***** Dataset records *****

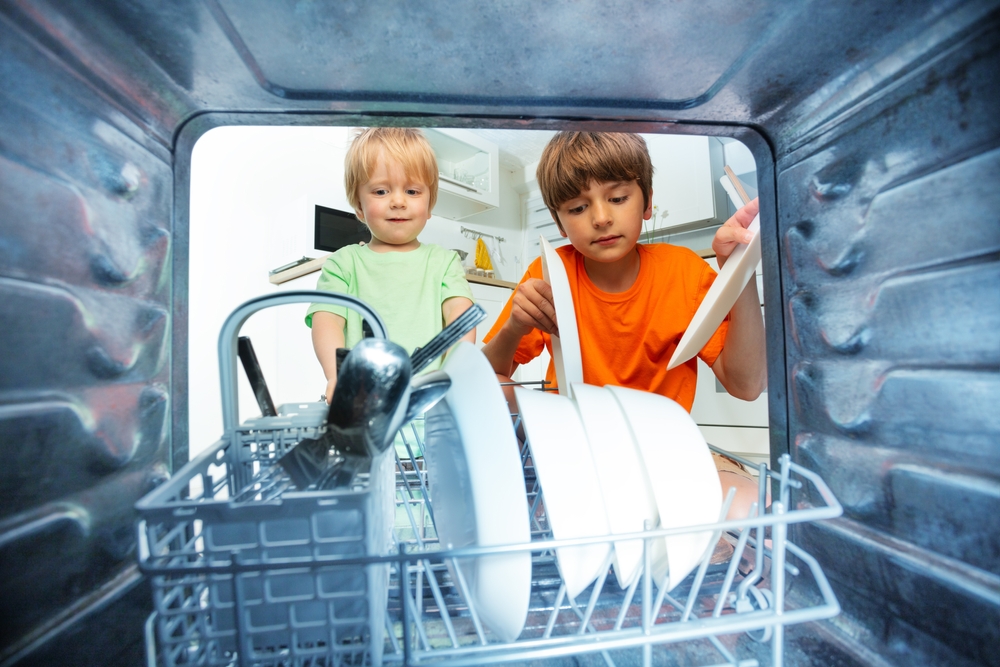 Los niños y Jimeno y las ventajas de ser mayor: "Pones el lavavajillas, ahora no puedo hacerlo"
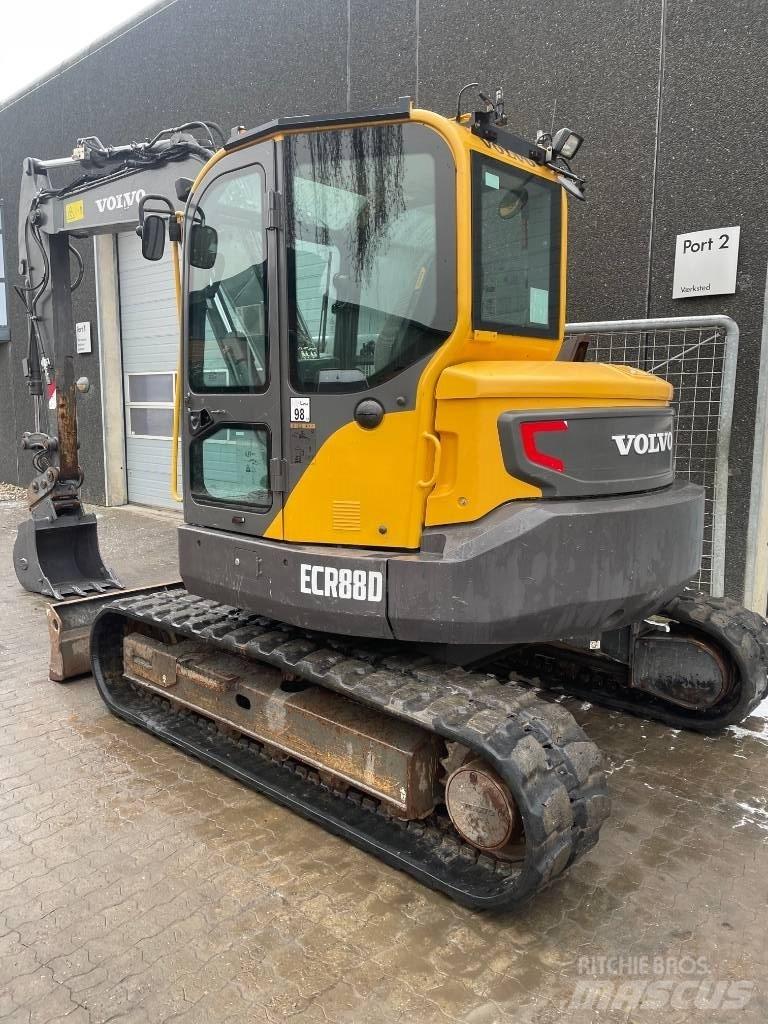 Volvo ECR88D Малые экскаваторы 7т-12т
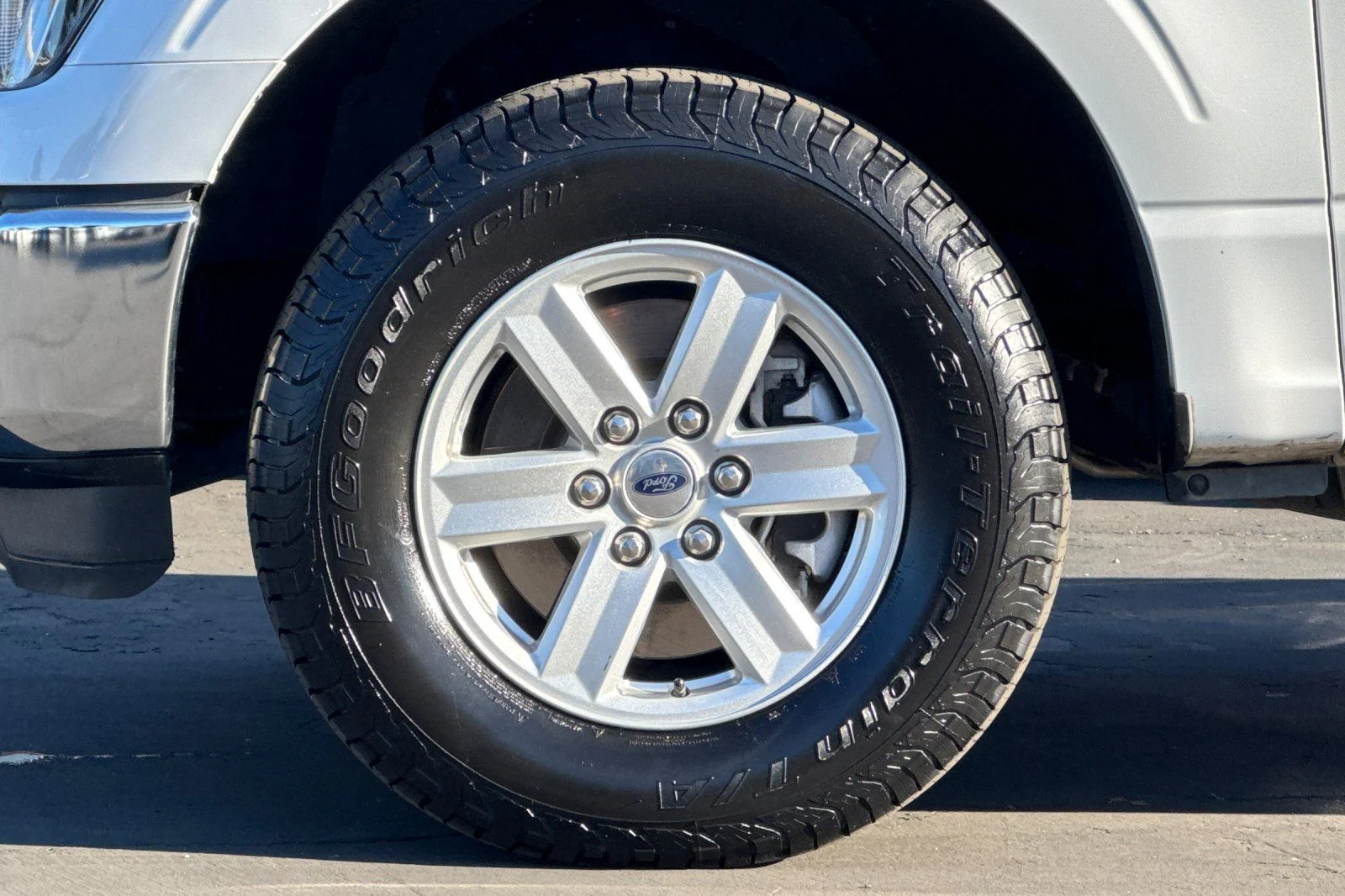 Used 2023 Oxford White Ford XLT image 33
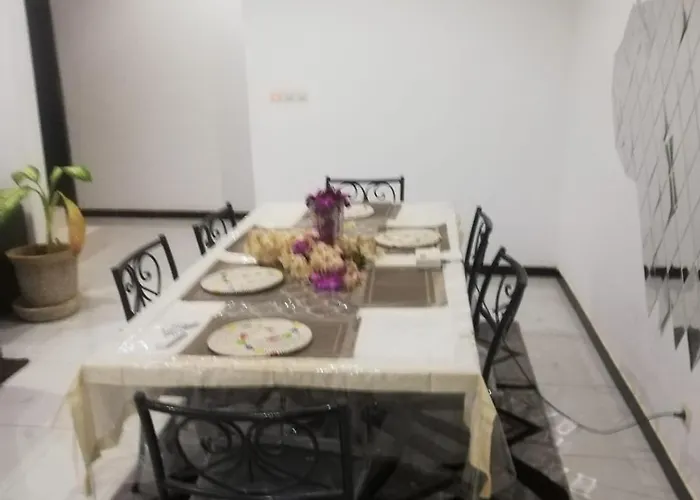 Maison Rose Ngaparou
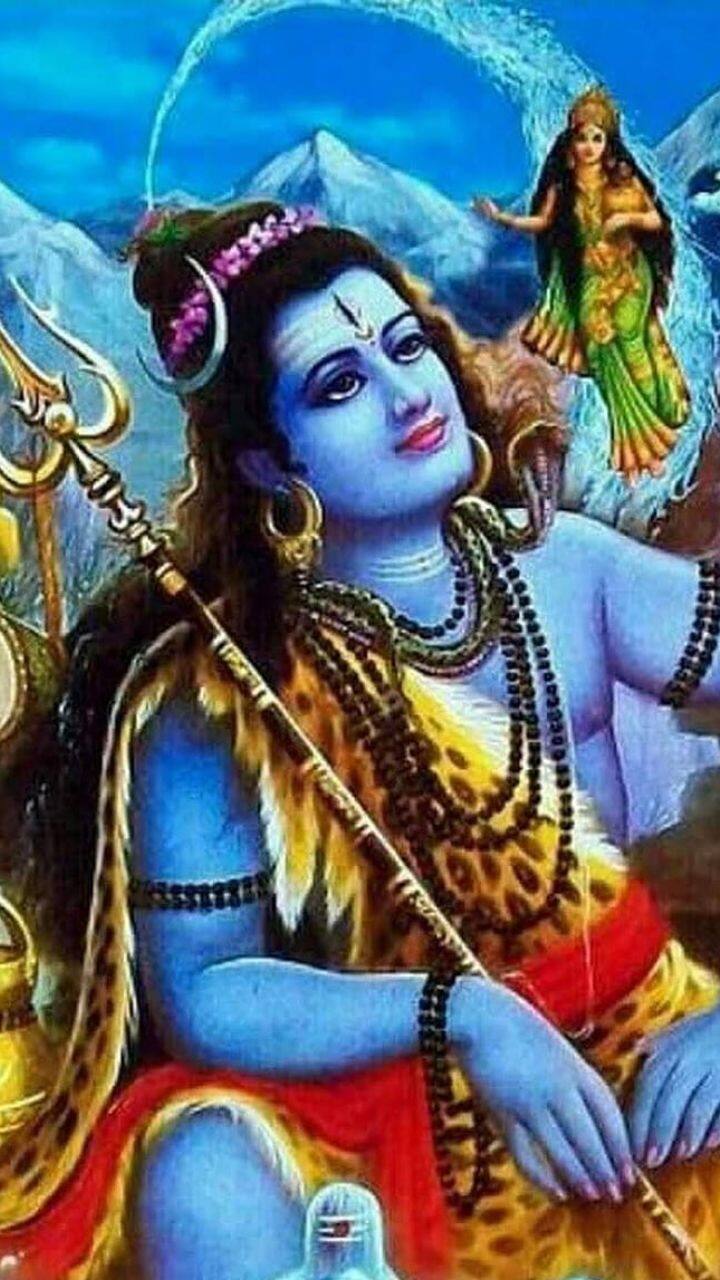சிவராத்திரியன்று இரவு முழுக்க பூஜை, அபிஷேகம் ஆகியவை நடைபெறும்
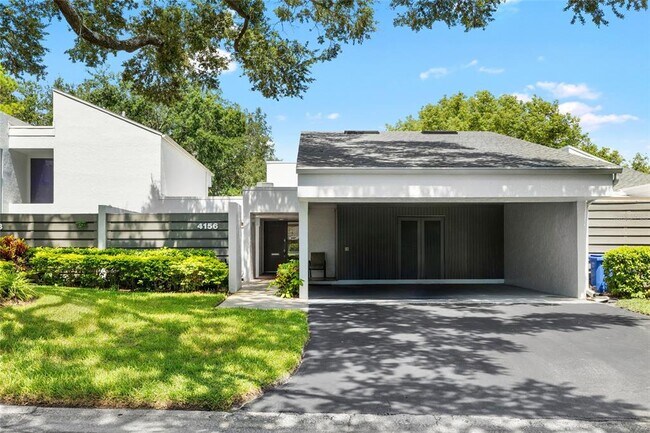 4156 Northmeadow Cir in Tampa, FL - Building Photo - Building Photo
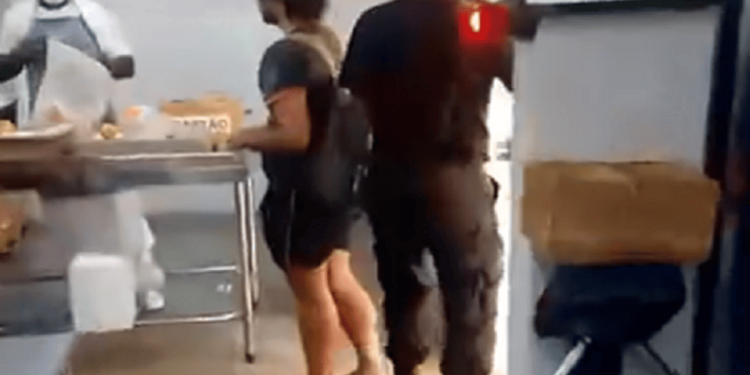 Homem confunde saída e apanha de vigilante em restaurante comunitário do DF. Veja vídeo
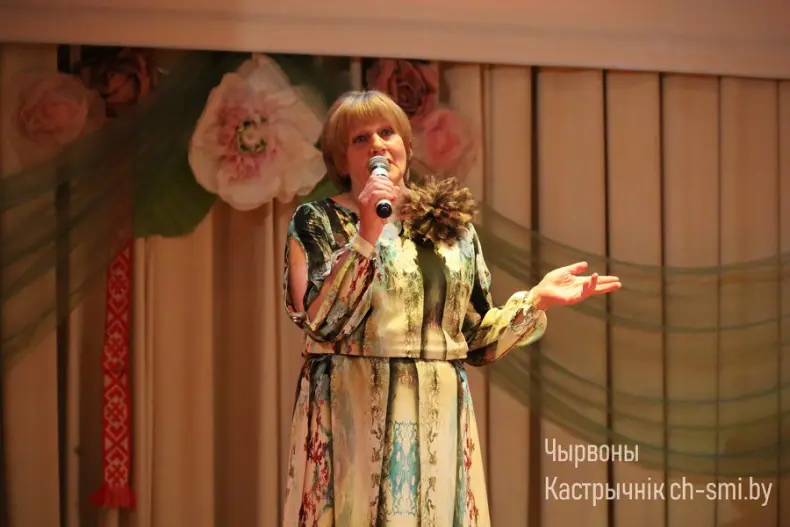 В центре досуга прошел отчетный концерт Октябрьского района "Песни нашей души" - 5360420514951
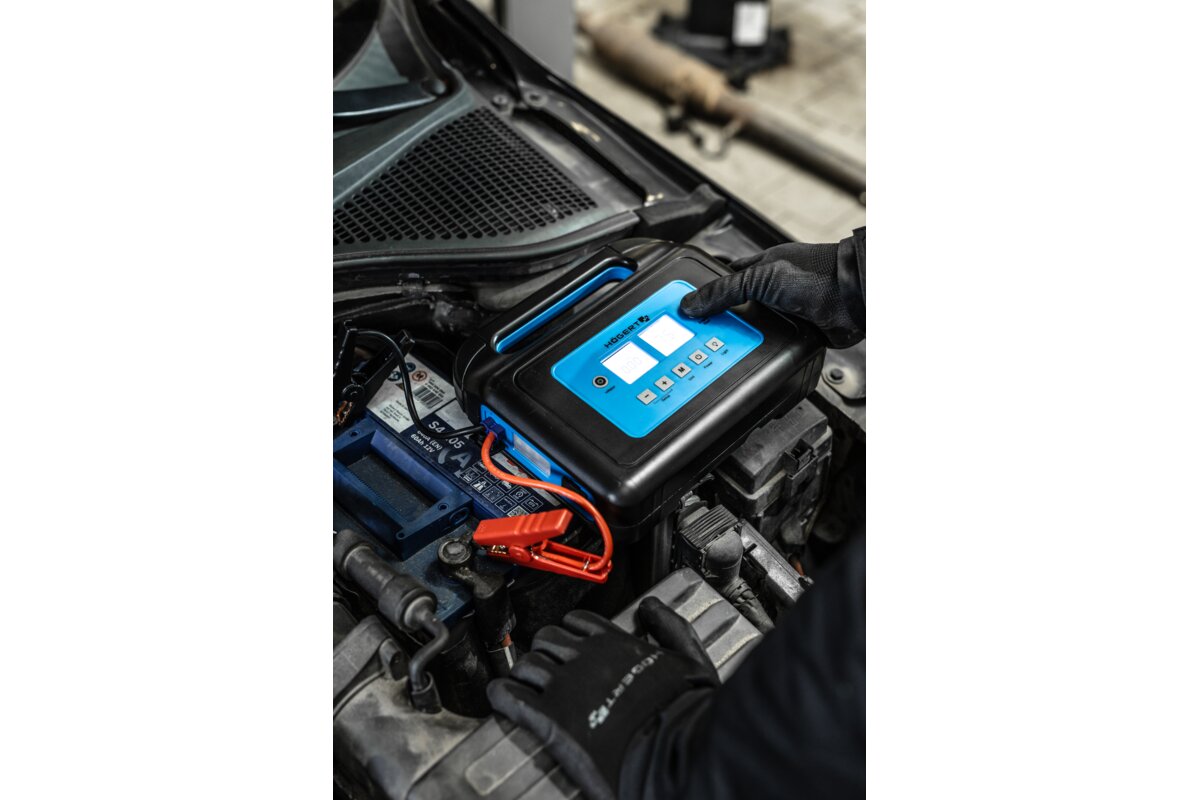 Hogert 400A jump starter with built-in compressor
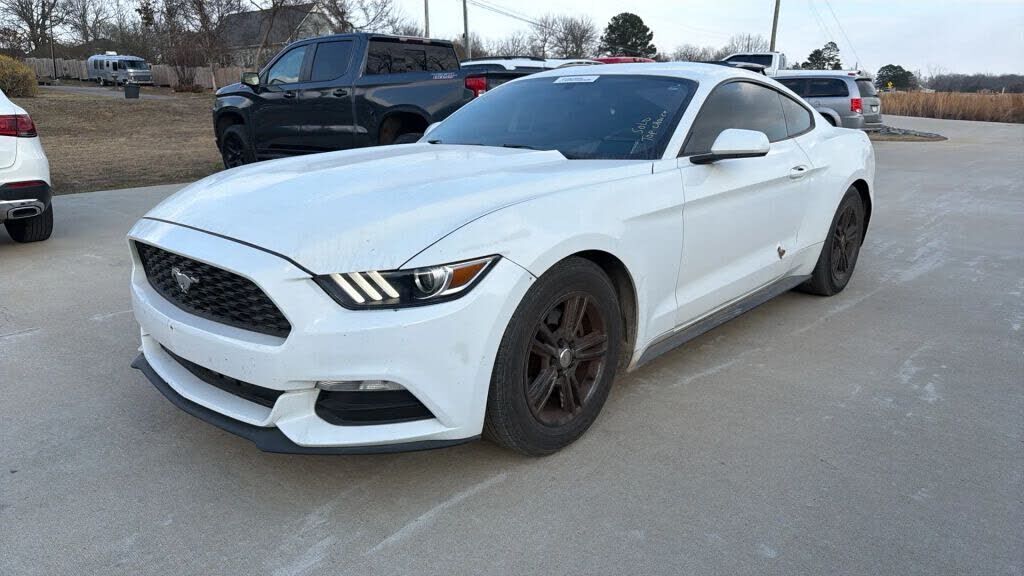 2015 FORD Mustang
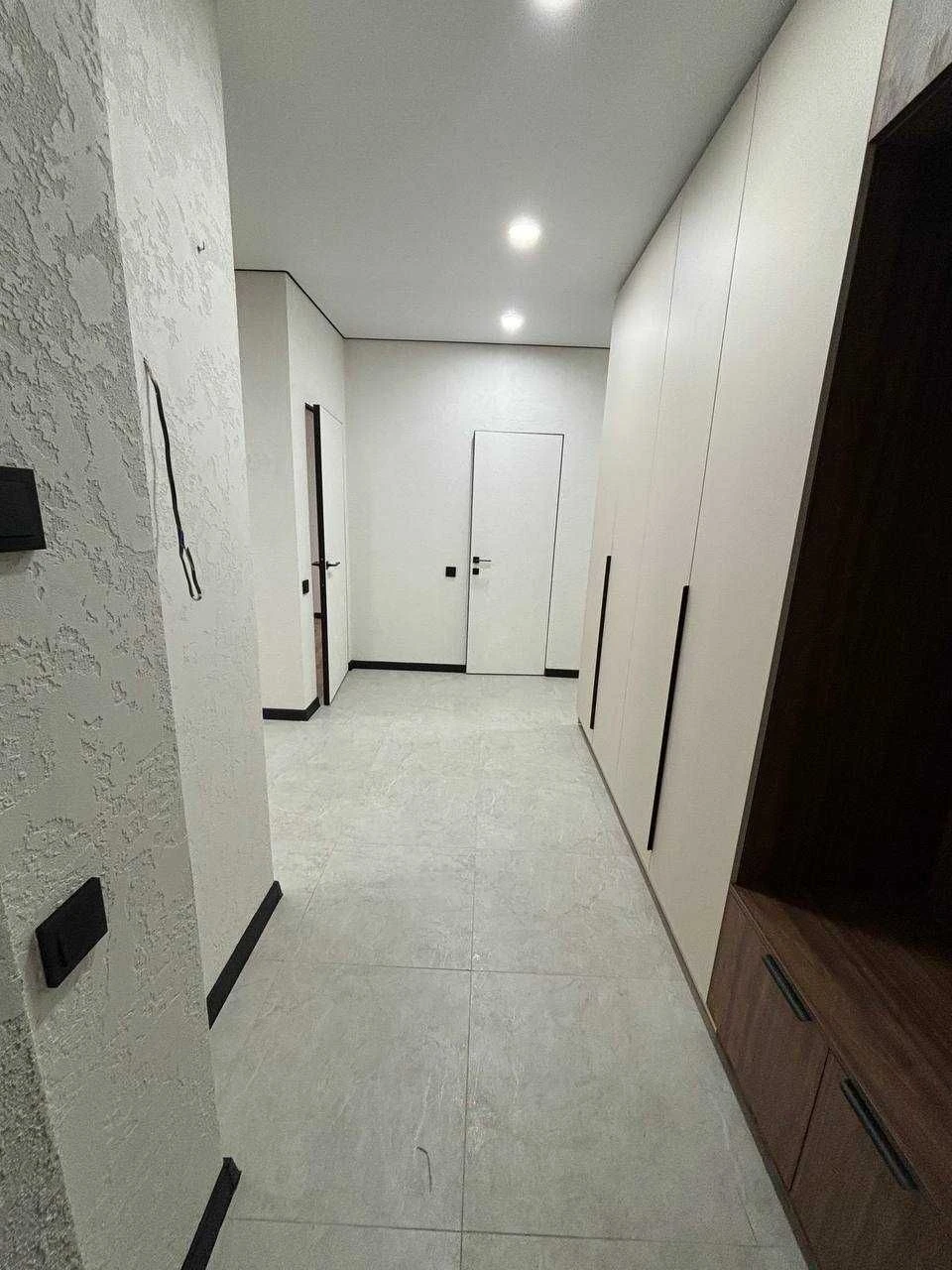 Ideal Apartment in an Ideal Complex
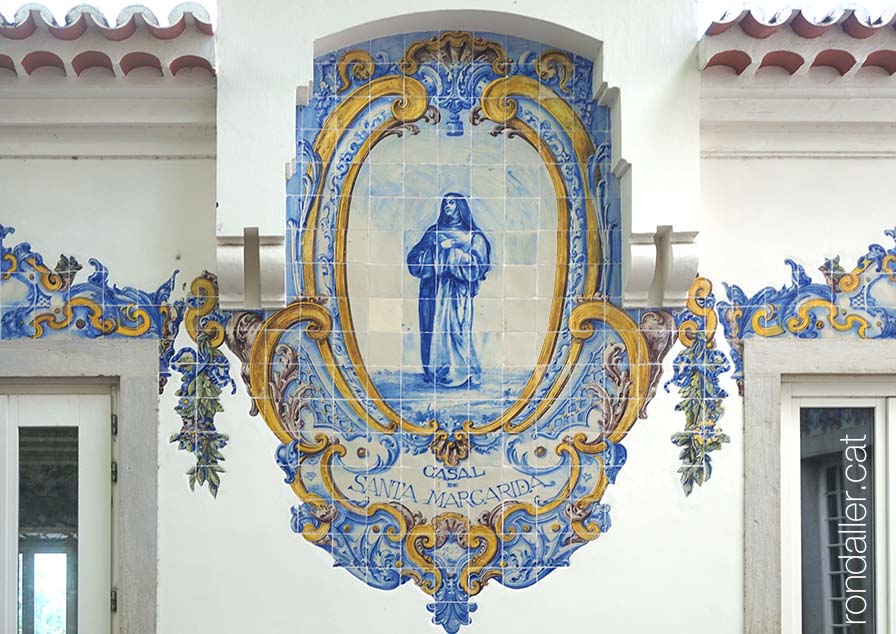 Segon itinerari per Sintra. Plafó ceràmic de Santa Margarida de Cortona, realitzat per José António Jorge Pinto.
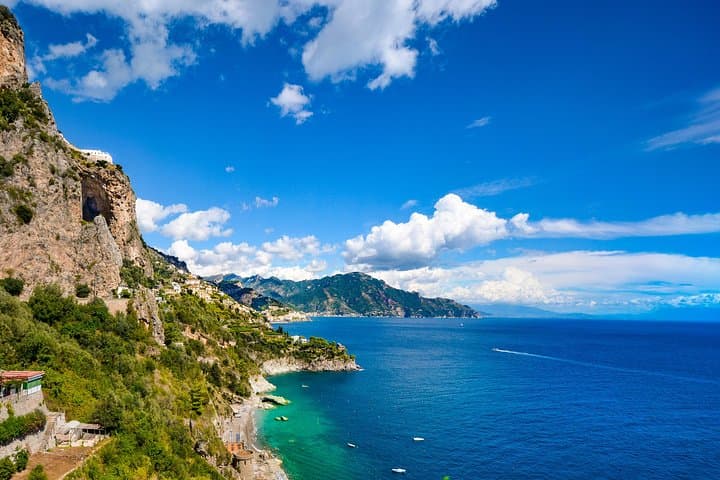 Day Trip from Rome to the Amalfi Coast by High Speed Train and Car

*****

**What you are asked to do:**
The pictures in the entries above should be left out; all else must be copied exactly.

**Written solution:**
 Los niños y Jimeno y las ventajas de ser mayor: "Pones el lavavajillas, ahora no puedo hacerlo"
 Volvo ECR88D Малые экскаваторы 7т-12т
 Used 2023 Oxford White Ford XLT image 33
 Maison Rose Ngaparou
சிவராத்திரியன்று இரவு முழுக்க பூஜை, அபிஷேகம் ஆகியவை நடைபெறும்
 4156 Northmeadow Cir in Tampa, FL - Building Photo - Building Photo
 Homem confunde saída e apanha de vigilante em restaurante comunitário do DF. Veja vídeo
 В центре досуга прошел отчетный концерт Октябрьского района "Песни нашей души" - 5360420514951
 Hogert 400A jump starter with built-in compressor
 2015 FORD Mustang
 Ideal Apartment in an Ideal Complex
 Segon itinerari per Sintra. Plafó ceràmic de Santa Margarida de Cortona, realitzat per José António Jorge Pinto.
 Day Trip from Rome to the Amalfi Coast by High Speed Train and Car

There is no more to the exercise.